Haiti Umumkan Status Darurat Setelah Laporkan Kasus Pertama Virus COrona

Haiti Umumkan Status Darurat Setelah Laporkan Kasus Pertama Virus COrona
Ilustrasi/Antara Foto



INILAH, Haiti- Pemerintah Haiti mengumumkan status darurat nasional dengan menutup perbatasan dan menerapkan aturan jam malam setelah otoritas terkait melaporkan dua kasus pertama penularan jenis baru virus corona (COVID-19) pada hari yang sama.

Presiden Jovenel Moise dalam jumpa pers mengatakan seluruh pelabuhan, bandara, dan perbatasan di Haiti akan ditutup mulai Kamis malam.
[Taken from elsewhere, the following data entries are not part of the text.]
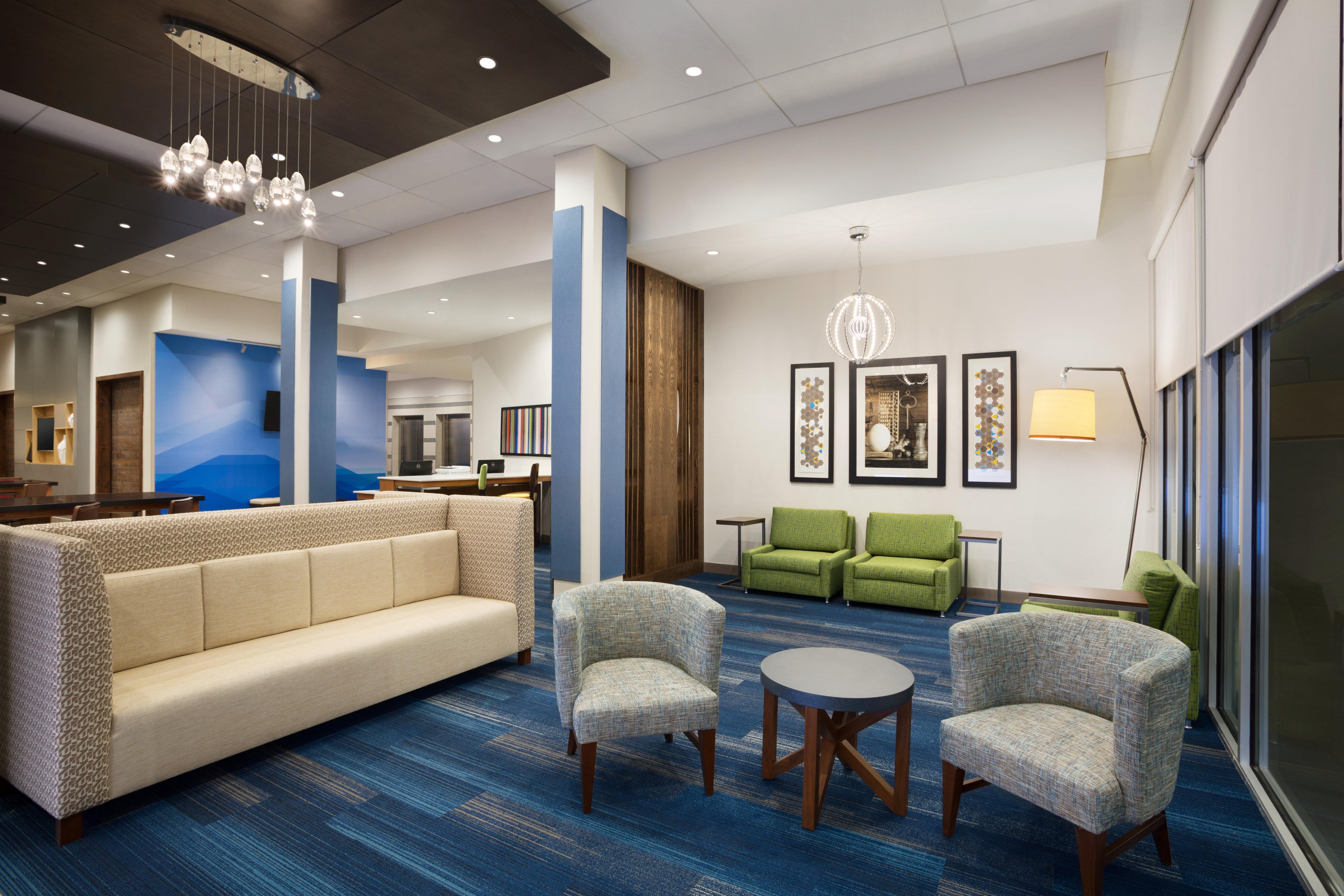 Holiday Inn Express & Suites - Mcallen - Medical Center Area By Ihg Exteriör bild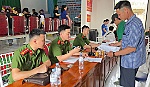 Công an xã Hùng Chân hỗ trợ thân nhân liệt sĩ thu nhận mẫu sinh phẩm ADN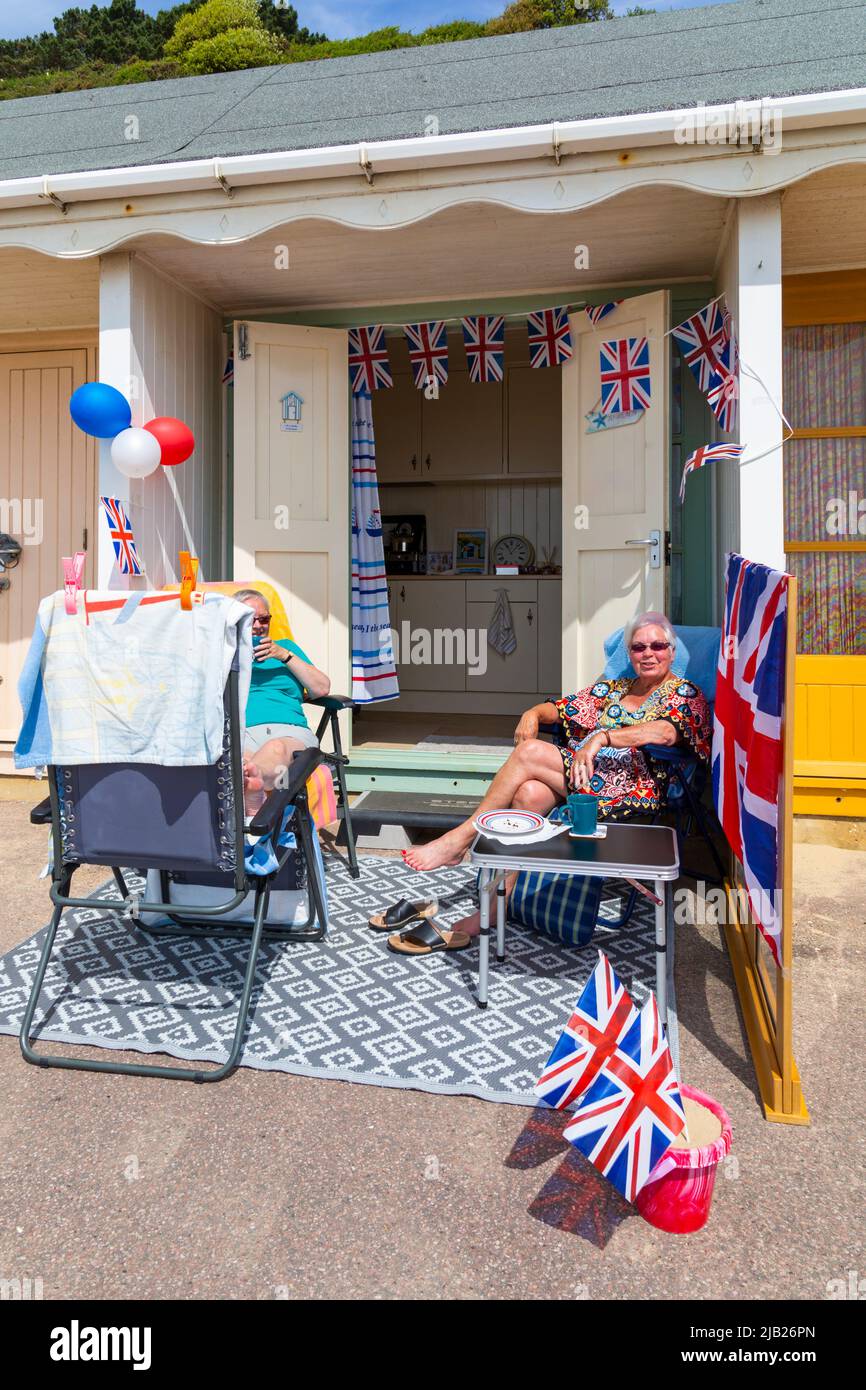 Bournemouth, Dorset Regno Unito. 2nd giugno 2022. Tempo britannico: Bello caldo e soleggiato come la folla si riversa sulle spiagge di Bournemouth per godere il sole al mare per l'inizio del lungo fine settimana per celebrare il Queens Platinum Jubilee. Credit: Carolyn Jenkins/Alamy Live News Foto Stock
Namun, tiga sarana umum itu tetap akan beroperasi untuk distribusi barang.

Tidak hanya itu, pemerintah juga menutup sekolah, universitas, tempat ibadah, dan pusat hiburan. Jam malam pun akan berlaku mulai Jumat pukul 20:00 waktu setempat sampai 05:00, terang Presiden Moise.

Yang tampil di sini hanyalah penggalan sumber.